Problem requirements:
Below is a block of entries; repeat exactly the lines starting at the line that contains "1148 Country Place" and ending at the line that contains "Gia Lai: Chùa", both included.

Collected data entries:

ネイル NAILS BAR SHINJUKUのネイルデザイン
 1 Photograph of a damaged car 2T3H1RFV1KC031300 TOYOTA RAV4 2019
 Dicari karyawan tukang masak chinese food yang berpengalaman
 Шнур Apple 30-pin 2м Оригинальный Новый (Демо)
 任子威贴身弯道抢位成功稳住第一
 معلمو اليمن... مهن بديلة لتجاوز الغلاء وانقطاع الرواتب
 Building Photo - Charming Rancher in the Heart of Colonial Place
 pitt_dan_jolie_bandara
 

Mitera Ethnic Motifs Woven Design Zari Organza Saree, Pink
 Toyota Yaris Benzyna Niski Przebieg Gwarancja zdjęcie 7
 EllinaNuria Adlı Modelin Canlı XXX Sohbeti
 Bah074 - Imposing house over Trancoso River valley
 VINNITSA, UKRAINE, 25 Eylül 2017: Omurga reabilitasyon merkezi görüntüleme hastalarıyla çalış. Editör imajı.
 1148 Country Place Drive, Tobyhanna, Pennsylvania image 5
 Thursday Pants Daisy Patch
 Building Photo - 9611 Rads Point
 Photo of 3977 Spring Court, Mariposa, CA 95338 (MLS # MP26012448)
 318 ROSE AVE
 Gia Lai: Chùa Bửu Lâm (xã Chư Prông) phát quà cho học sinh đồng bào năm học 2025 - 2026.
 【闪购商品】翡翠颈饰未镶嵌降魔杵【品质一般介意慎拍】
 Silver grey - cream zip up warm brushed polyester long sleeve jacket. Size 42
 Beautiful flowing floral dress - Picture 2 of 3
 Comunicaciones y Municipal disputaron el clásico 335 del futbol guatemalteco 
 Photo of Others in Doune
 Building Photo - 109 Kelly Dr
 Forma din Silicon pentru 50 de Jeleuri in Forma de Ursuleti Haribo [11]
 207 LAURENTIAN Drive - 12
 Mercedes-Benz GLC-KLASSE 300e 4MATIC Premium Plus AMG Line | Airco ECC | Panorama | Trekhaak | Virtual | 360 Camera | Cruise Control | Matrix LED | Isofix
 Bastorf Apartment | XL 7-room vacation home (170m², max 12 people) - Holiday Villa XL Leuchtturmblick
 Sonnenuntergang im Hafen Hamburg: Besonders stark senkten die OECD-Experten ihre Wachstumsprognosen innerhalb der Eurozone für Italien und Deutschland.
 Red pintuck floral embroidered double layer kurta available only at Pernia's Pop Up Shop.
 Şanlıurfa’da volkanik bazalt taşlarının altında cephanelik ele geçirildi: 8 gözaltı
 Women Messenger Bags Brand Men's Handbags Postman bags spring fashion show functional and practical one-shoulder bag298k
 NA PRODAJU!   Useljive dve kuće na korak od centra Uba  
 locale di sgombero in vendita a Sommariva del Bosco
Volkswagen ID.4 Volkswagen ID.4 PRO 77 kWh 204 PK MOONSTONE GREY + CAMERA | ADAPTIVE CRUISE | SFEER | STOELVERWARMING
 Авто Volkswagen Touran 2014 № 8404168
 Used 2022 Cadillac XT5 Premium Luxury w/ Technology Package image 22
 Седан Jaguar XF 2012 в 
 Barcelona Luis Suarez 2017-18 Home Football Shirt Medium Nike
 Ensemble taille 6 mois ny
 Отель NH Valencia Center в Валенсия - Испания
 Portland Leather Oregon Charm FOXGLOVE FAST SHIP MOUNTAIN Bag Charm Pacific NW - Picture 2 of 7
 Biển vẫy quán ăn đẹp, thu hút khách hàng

Reply to the exercise:
 1148 Country Place Drive, Tobyhanna, Pennsylvania image 5
 Thursday Pants Daisy Patch
 Building Photo - 9611 Rads Point
 Photo of 3977 Spring Court, Mariposa, CA 95338 (MLS # MP26012448)
 318 ROSE AVE
 Gia Lai: Chùa Bửu Lâm (xã Chư Prông) phát quà cho học sinh đồng bào năm học 2025 - 2026.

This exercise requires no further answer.